Contoh 4 langkah kunci dari SDLC:
- Perencanaan
Fase perencanaan adalah sebuah proses dasar untuk memahami mengapa sebuah sistem itu harus dibangun, dan pada fase ini memang diperlukan analisa kelayakan dengan mencari data atau melakukan proses information gathering kepada para pengguna.
Sebagai contoh: proses dalam feasibility dan wawancara , observasi dan Quesener. Misal Jika pada tahap Feasibility hasilnya baik maka langsung ketahap investigasi dan diberi form kepada client untuk mencatat kebutuhan client. Dalam sistem investigasi, dapat berupa wawancara, kuosiener atau observation. Dalam tahap ini hal yang pertama dilakukan adalah memberikan form ke user yang digunakan untuk mengetahui permintaan user.
- Analisa
Fase analisa adalah sebuah proses investigasi terhadap sistem yang sedang berjalan itu sendiri dengan tujuan untuk mendapatkan jawaban mengenai pengguna sistem, cara kerjanya yaitu sistem dan waktu penggunaan sistem. Dari proses analisa ini akan didapatkan cara untuk membangun sistem baru.
- Rancangan
Fase perancangan merupakan proses penentuan cara kerja sistem dalam hal architechture design, interface design, database dan spesifikasi file, dan program design. Hasil dari proses perancangan ini akan didapatkan spesifikasi sistem.
- Implementasi
Fase implementasi adalah proses pembangunan dan pengujian sistem, instalasi sistem, dan rencana dukungan sistem.
Contohnya: konstruksi, instalasi, pengujian dan pengiriman sistem ke dalam produksi (artinya operasi sehari-hari). Implementasi sistem ini mengontruksi sistem informasi yang baru dan menempatkannya ke dalam operasi, dan selanjutnya dilaksanakan tahap pengujian.
Langkah-langkah yang digunakan oleh analis sistem dan programmer dalam membangun sistem informasi :
1. Melakukan survei dan menilai kelayakan proyek pengembangan sistem informasi
2. Mempelajari dan menganalisis sistem informasi yang sedang berjalan
3. Menentukan permintaan pemakai sistem informasi
4. Memilih solusi atau pemecahan masalah yang paling baik
5. Menentukan perangkat keras (hardware) dan perangkat lunak (software)

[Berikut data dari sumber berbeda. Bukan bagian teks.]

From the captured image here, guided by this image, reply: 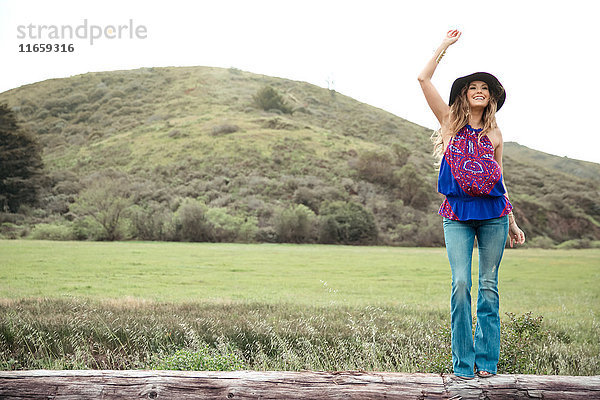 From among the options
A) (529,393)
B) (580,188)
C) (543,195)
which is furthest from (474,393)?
(580,188)

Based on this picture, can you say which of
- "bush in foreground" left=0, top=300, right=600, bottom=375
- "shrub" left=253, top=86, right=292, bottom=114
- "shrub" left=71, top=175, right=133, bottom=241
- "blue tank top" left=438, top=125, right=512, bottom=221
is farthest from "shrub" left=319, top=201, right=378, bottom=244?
"shrub" left=253, top=86, right=292, bottom=114

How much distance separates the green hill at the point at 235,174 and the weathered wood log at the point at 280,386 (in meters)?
16.5

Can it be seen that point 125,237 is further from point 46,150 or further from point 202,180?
point 46,150

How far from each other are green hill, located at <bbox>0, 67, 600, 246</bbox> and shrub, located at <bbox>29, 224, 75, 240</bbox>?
60mm

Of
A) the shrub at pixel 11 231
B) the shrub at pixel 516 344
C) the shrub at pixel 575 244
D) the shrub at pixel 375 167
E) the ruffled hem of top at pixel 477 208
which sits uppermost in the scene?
the shrub at pixel 375 167

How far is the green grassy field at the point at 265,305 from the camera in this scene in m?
5.37

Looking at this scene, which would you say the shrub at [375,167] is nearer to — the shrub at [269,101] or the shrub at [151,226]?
the shrub at [151,226]

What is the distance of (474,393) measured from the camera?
2527 millimetres

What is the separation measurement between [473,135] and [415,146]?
4590 cm

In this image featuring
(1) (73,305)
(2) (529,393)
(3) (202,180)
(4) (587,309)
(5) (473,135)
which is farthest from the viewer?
(3) (202,180)

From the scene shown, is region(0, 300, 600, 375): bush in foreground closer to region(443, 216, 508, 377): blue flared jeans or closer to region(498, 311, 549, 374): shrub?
region(498, 311, 549, 374): shrub

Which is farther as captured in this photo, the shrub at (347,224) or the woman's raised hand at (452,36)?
the shrub at (347,224)

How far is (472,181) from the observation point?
284cm

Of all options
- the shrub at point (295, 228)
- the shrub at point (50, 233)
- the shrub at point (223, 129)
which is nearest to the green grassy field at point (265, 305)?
the shrub at point (295, 228)
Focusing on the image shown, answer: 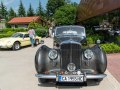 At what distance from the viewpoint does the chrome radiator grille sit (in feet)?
26.1

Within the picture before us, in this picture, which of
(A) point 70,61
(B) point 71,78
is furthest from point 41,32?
(B) point 71,78

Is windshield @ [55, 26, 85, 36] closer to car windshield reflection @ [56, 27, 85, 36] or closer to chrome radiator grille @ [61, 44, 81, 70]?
car windshield reflection @ [56, 27, 85, 36]

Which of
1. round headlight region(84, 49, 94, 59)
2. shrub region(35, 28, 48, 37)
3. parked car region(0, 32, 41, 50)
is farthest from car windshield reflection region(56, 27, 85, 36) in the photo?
shrub region(35, 28, 48, 37)

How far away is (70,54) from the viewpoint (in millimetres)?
7941

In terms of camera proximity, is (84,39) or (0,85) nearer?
(0,85)

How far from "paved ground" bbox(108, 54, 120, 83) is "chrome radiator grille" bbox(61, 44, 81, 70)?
161 cm

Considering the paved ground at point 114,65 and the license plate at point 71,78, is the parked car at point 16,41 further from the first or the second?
the license plate at point 71,78

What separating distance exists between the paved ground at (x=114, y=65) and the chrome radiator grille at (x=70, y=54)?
5.27 ft

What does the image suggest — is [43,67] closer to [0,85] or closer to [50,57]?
[50,57]

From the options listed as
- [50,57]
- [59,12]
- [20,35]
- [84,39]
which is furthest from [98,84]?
[59,12]

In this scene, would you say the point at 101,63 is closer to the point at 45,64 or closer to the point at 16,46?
the point at 45,64

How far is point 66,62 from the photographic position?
802cm

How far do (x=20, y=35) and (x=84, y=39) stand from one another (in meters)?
10.7

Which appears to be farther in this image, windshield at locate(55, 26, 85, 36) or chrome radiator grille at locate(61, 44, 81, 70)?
windshield at locate(55, 26, 85, 36) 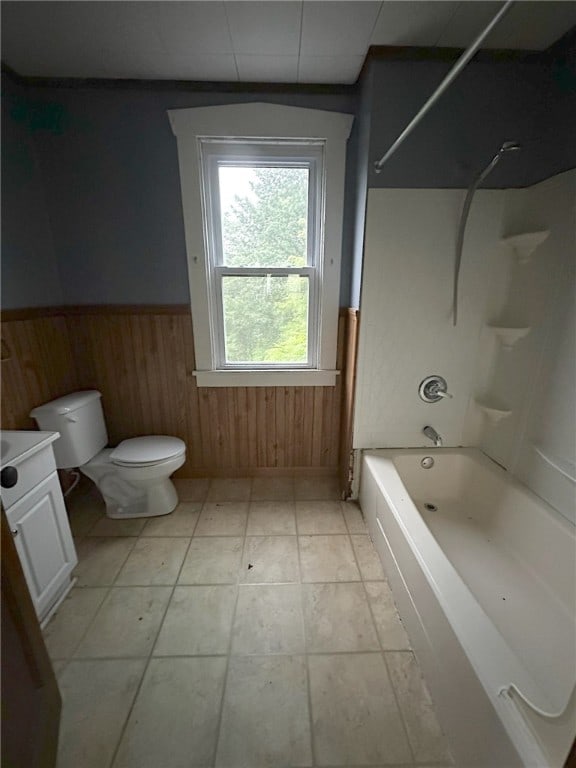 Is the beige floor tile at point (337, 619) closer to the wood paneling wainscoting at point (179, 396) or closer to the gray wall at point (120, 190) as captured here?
the wood paneling wainscoting at point (179, 396)

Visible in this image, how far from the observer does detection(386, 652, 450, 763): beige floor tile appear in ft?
3.01

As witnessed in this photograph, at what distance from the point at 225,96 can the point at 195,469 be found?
2.24 m

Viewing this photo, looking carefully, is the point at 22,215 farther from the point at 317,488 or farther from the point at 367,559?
the point at 367,559

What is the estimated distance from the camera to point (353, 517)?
6.14ft

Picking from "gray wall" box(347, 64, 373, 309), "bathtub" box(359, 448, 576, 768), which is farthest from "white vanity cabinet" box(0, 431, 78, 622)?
"gray wall" box(347, 64, 373, 309)

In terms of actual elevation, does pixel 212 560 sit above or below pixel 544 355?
below

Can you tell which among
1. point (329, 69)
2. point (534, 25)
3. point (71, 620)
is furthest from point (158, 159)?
point (71, 620)

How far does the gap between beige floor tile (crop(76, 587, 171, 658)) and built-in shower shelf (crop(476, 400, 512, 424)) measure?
72.1 inches

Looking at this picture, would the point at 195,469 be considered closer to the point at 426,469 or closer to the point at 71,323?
the point at 71,323

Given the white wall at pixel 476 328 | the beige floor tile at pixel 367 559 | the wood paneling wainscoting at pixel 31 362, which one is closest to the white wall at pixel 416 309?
the white wall at pixel 476 328

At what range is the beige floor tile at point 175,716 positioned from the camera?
91 cm

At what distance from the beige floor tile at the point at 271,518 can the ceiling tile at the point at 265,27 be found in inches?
92.1

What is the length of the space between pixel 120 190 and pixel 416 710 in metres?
2.67

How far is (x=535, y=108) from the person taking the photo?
1.46 meters
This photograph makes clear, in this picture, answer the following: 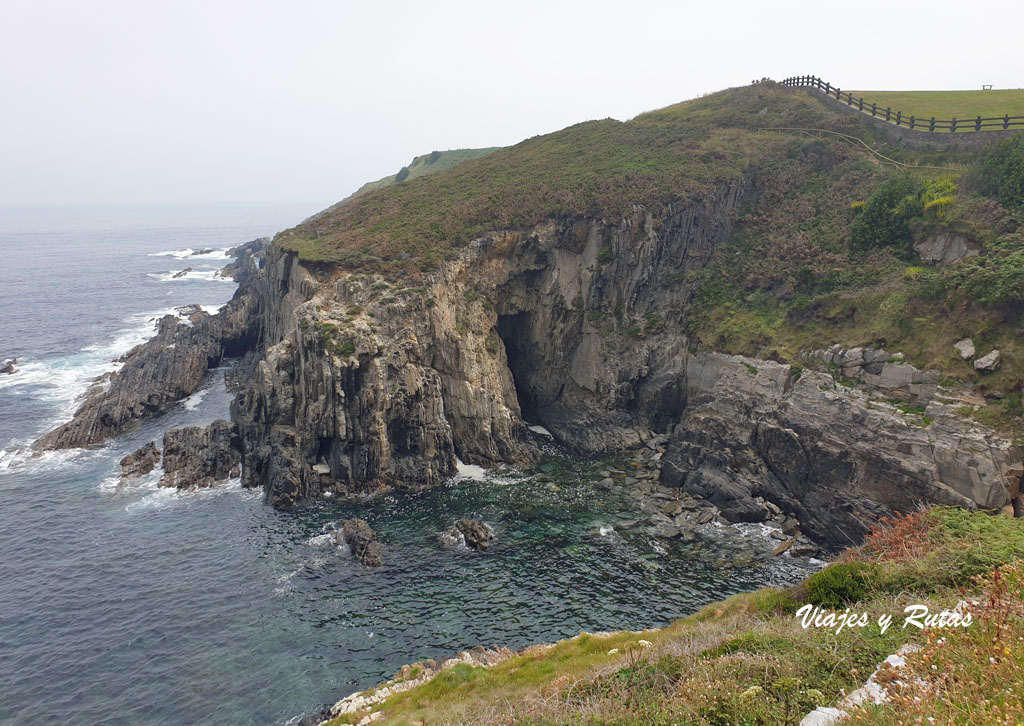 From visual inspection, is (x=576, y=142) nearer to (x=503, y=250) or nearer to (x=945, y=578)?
(x=503, y=250)

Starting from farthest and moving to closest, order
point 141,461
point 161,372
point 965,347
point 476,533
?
1. point 161,372
2. point 141,461
3. point 476,533
4. point 965,347

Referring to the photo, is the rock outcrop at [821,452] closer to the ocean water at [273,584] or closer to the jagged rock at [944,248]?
the ocean water at [273,584]

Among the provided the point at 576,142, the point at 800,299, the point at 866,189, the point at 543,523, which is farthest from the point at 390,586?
the point at 576,142

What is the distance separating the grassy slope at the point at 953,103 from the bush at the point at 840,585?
52696 millimetres

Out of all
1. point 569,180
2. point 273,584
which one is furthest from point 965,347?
point 273,584

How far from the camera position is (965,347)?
33.6 meters

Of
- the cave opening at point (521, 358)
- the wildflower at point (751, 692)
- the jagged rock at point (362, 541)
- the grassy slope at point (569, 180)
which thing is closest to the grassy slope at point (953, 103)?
the grassy slope at point (569, 180)

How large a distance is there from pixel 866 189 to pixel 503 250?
3282 centimetres

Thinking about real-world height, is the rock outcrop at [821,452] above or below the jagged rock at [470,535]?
above

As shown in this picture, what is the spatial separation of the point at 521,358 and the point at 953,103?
5076 centimetres

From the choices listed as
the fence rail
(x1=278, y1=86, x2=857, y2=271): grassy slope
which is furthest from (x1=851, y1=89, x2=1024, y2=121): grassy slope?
(x1=278, y1=86, x2=857, y2=271): grassy slope

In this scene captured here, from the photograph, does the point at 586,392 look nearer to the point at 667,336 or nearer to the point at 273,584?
the point at 667,336

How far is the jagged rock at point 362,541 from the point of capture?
111 feet

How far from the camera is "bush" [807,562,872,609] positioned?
1723 cm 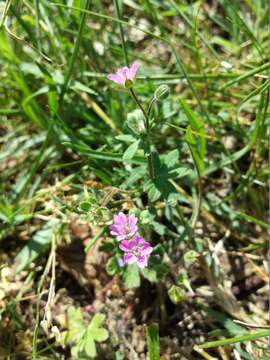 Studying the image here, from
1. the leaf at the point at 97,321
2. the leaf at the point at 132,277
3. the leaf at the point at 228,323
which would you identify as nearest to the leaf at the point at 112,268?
the leaf at the point at 132,277

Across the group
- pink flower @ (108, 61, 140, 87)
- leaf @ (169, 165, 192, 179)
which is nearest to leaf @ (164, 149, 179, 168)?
leaf @ (169, 165, 192, 179)

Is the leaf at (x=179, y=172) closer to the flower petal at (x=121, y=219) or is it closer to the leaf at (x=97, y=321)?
the flower petal at (x=121, y=219)

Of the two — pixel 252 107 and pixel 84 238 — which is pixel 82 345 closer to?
pixel 84 238

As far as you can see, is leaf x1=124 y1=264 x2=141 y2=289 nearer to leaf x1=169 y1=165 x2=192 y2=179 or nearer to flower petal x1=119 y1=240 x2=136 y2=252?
flower petal x1=119 y1=240 x2=136 y2=252

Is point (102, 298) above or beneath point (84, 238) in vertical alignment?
beneath

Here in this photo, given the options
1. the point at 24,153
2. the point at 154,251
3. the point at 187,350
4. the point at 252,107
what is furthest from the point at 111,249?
the point at 252,107

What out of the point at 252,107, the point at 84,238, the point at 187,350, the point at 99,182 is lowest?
the point at 187,350

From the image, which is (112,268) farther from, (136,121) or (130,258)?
(136,121)

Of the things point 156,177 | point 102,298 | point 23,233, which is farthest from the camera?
point 23,233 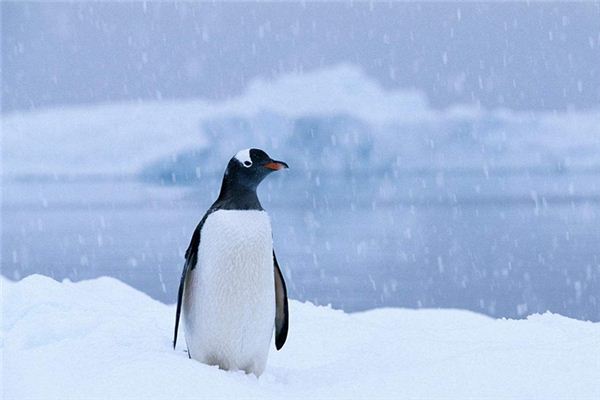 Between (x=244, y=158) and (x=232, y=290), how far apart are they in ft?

6. Merancang sistem informasi baru
7. Membangun sistem informasi baru
8. Mengkomunikasikan dan mengimplementasikan sistem informasi baru
9. Memelihara dan melakukan perbaikan/peningkatan sistem informasi baru bila diperlukan
2. Mempelajari dan menganalisis sistem informasi yang sedang berjalan
3. Menentukan permintaan pemakai sistem informasi
4. Memilih solusi atau pemecahan masalah yang paling baik
5. Menentukan perangkat keras (hardware) dan perangkat lunak (software)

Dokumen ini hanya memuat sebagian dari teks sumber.